- Task objective
An exact copy of the data below is needed; please leave out any pictures.

- Stored data

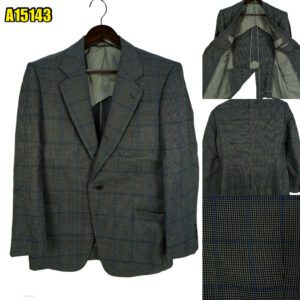 Suit Jacket Wool Grey Windowpane Japan US UK 40 Chest Size 40 Regular Full Canvas มุมที่ 1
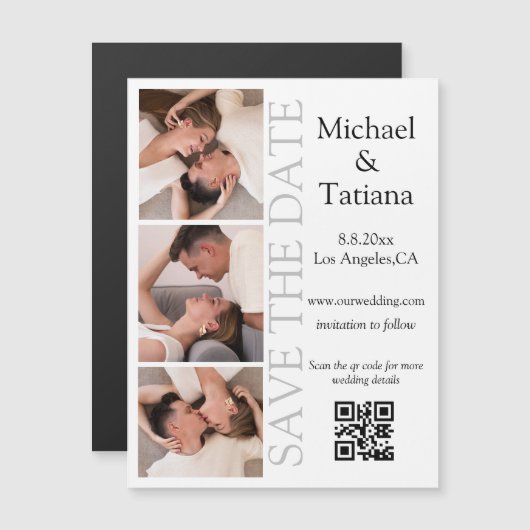 3 foto strook qr code save the date magnetische uitnodiging (Voorkant / Achterkant)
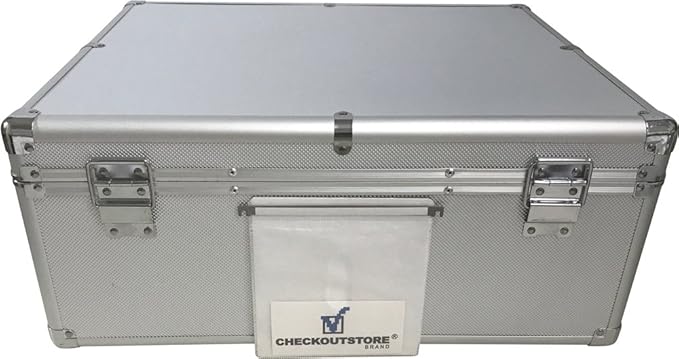 CheckOutStore (1) Aluminum CD/DVD Media Hanging Sleeves Storage Box (Silver/Holds 600 Discs)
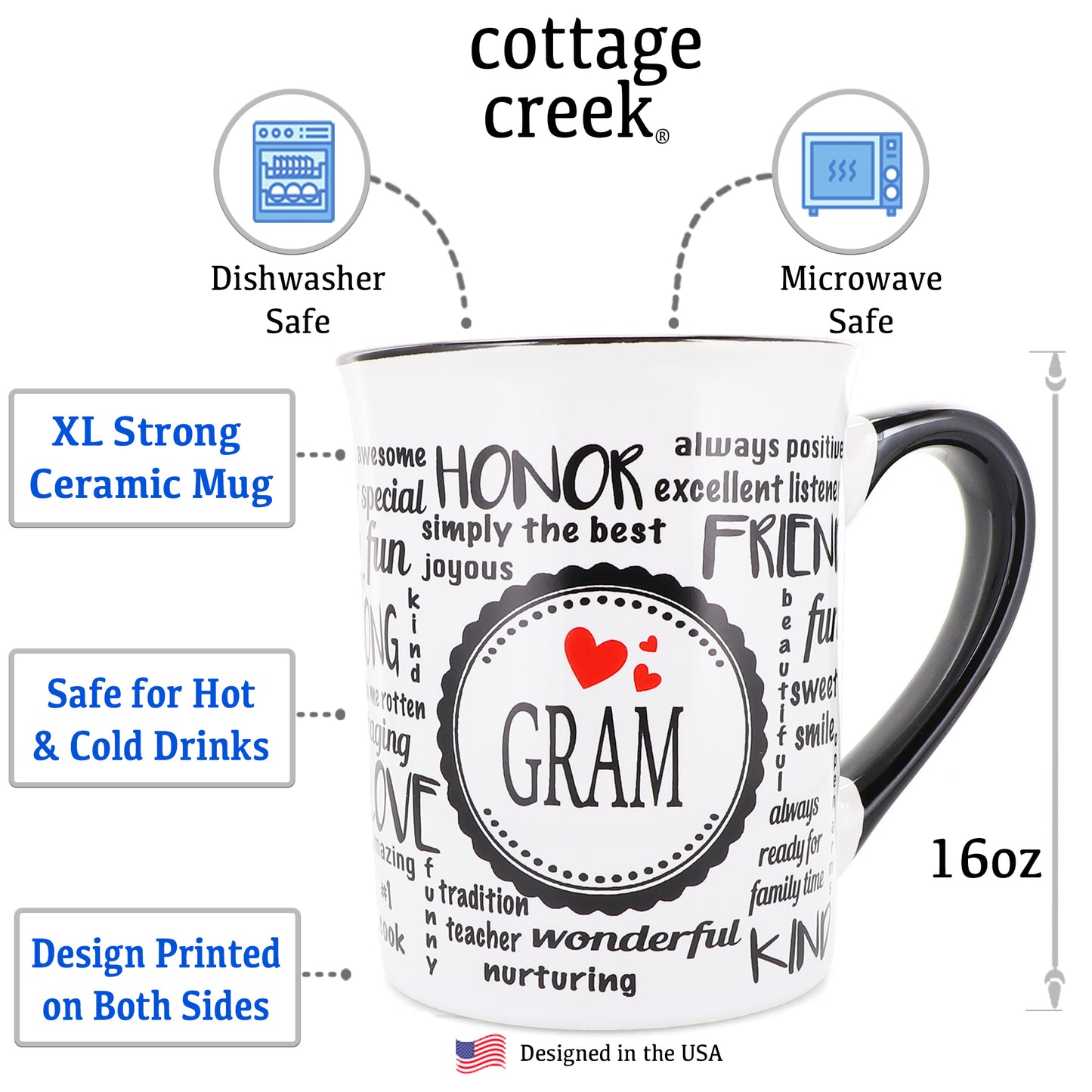 Cottage Creek Gram Mug, Gram Coffee Mug, Ceramic, 16oz., 6" Multicolored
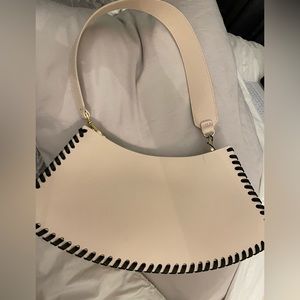 Elleme Swing Bag. As seen on Emily in Paris. Cream with Black woven edge. NWT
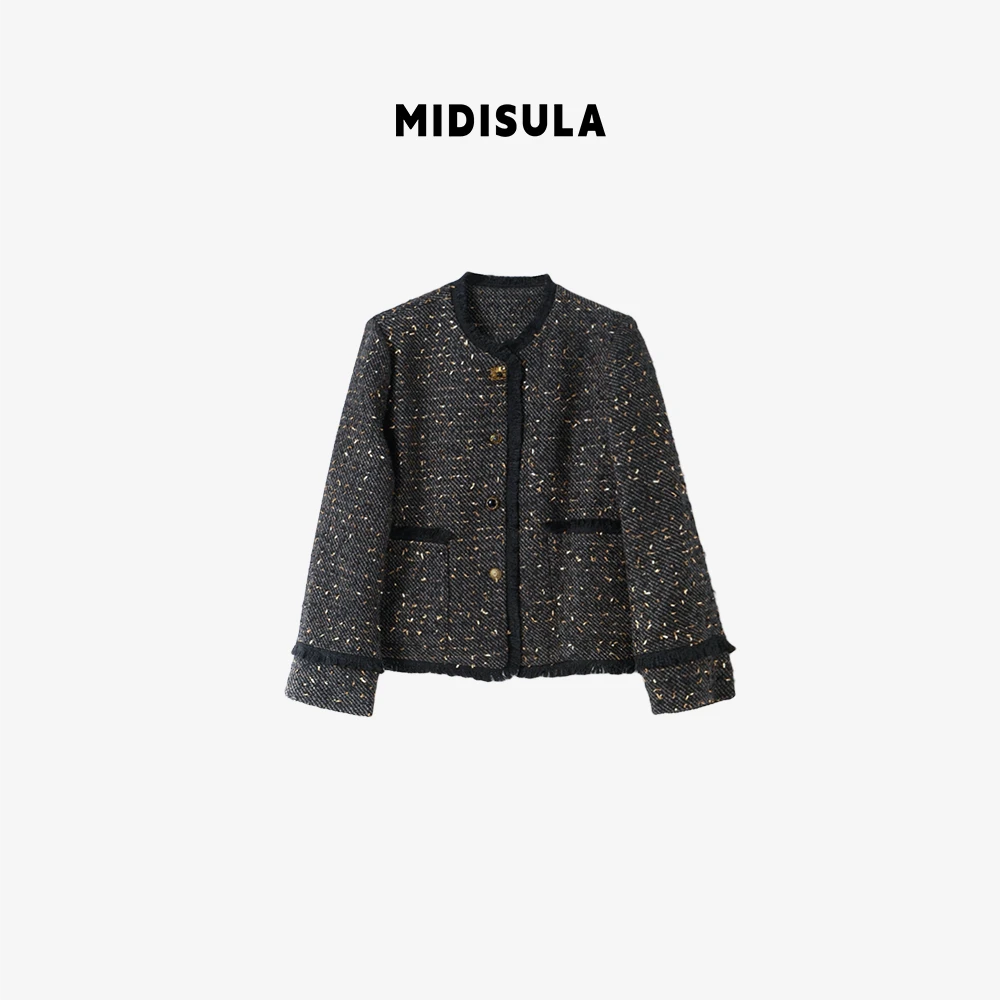 MDSL·深圳南油秋季新款小众设计师款高级黑金小香外套#01845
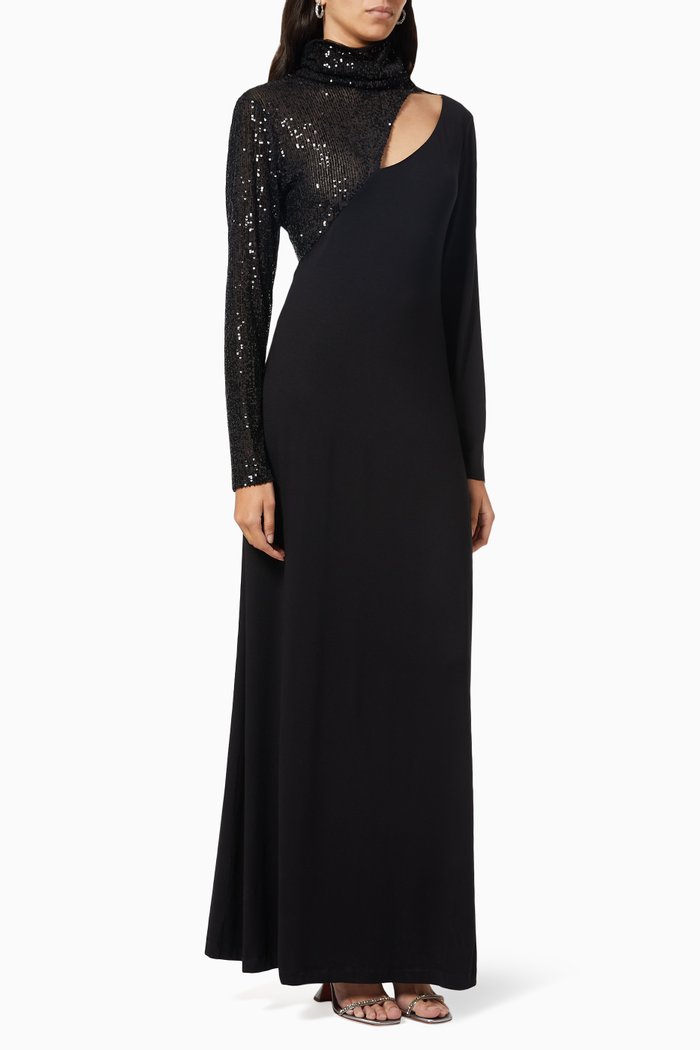 

Dunaway Dress in Jersey & Sequin Embellished Tulle, Black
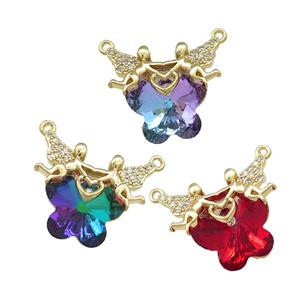 Copper Fairy Pendant Pave Crystal Glass Zircon 2loops Gold Plated Mixed, approx 15-18mm, 22-28mm [FN38523]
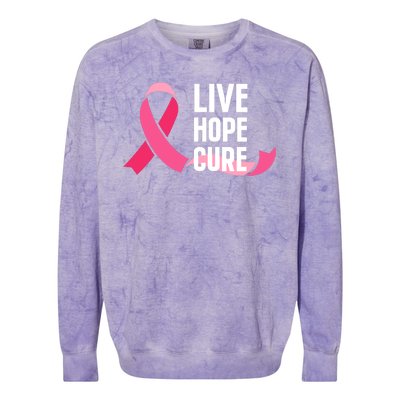 Live Hope Cure Breast Cancer Awareness Ribbon Colorblast Crewneck Sweatshirt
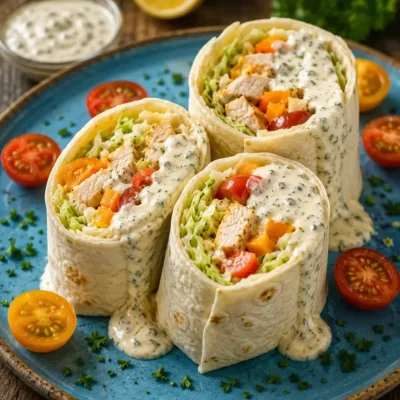 Wraps de Poulet Grillé à la Sauce Crémeuse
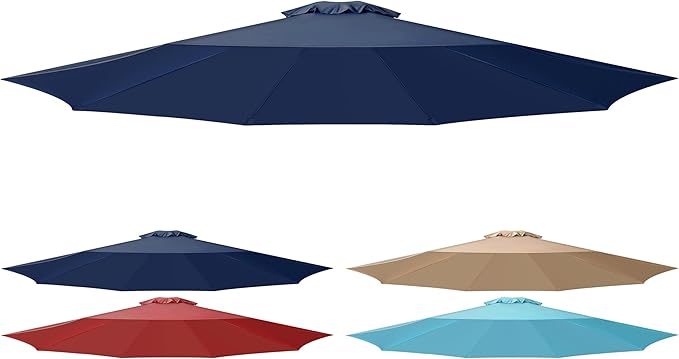 Simple Deluxe 9' Patio Umbrella Replacement Canopy Only Outdoor Table Market Yard Umbrella Replacement Top Cover with 8 Ribs, Dark Blue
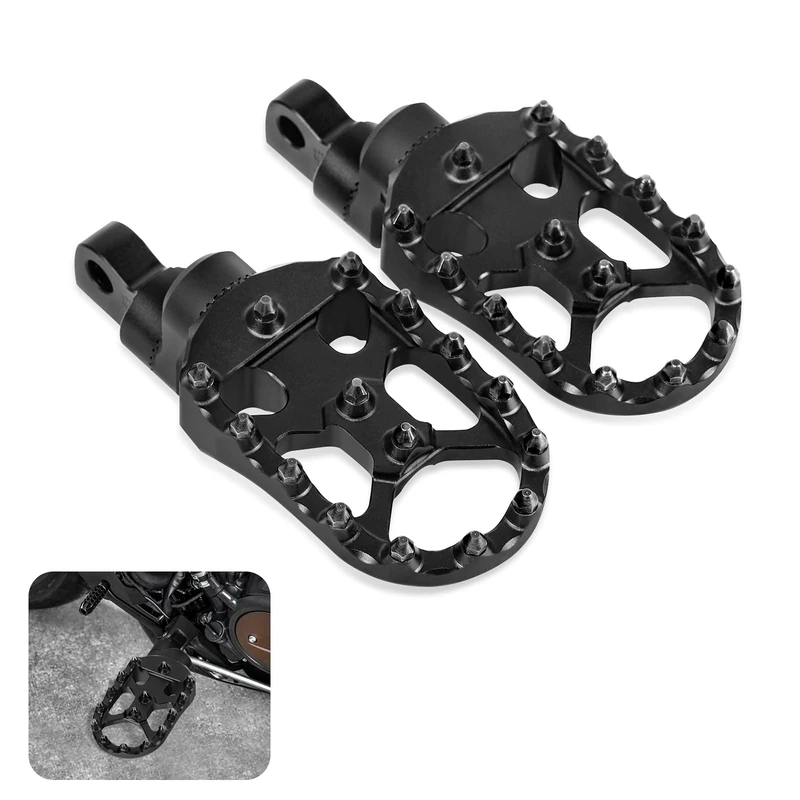 Motorcycle Front & Rear Footrest Foot Pegs Angle Adjustable MX Style Foot Peg Compatible with Harley Sportster 883 1200 XL Touring Softail Dyna Low Rider-Black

- Answer section
 Suit Jacket Wool Grey Windowpane Japan US UK 40 Chest Size 40 Regular Full Canvas มุมที่ 1
 3 foto strook qr code save the date magnetische uitnodiging (Voorkant / Achterkant)
 CheckOutStore (1) Aluminum CD/DVD Media Hanging Sleeves Storage Box (Silver/Holds 600 Discs)
 Cottage Creek Gram Mug, Gram Coffee Mug, Ceramic, 16oz., 6" Multicolored
 Elleme Swing Bag. As seen on Emily in Paris. Cream with Black woven edge. NWT
 MDSL·深圳南油秋季新款小众设计师款高级黑金小香外套#01845

Dunaway Dress in Jersey & Sequin Embellished Tulle, Black
 Copper Fairy Pendant Pave Crystal Glass Zircon 2loops Gold Plated Mixed, approx 15-18mm, 22-28mm [FN38523]
 Live Hope Cure Breast Cancer Awareness Ribbon Colorblast Crewneck Sweatshirt
 Wraps de Poulet Grillé à la Sauce Crémeuse
 Simple Deluxe 9' Patio Umbrella Replacement Canopy Only Outdoor Table Market Yard Umbrella Replacement Top Cover with 8 Ribs, Dark Blue
 Motorcycle Front & Rear Footrest Foot Pegs Angle Adjustable MX Style Foot Peg Compatible with Harley Sportster 883 1200 XL Touring Softail Dyna Low Rider-Black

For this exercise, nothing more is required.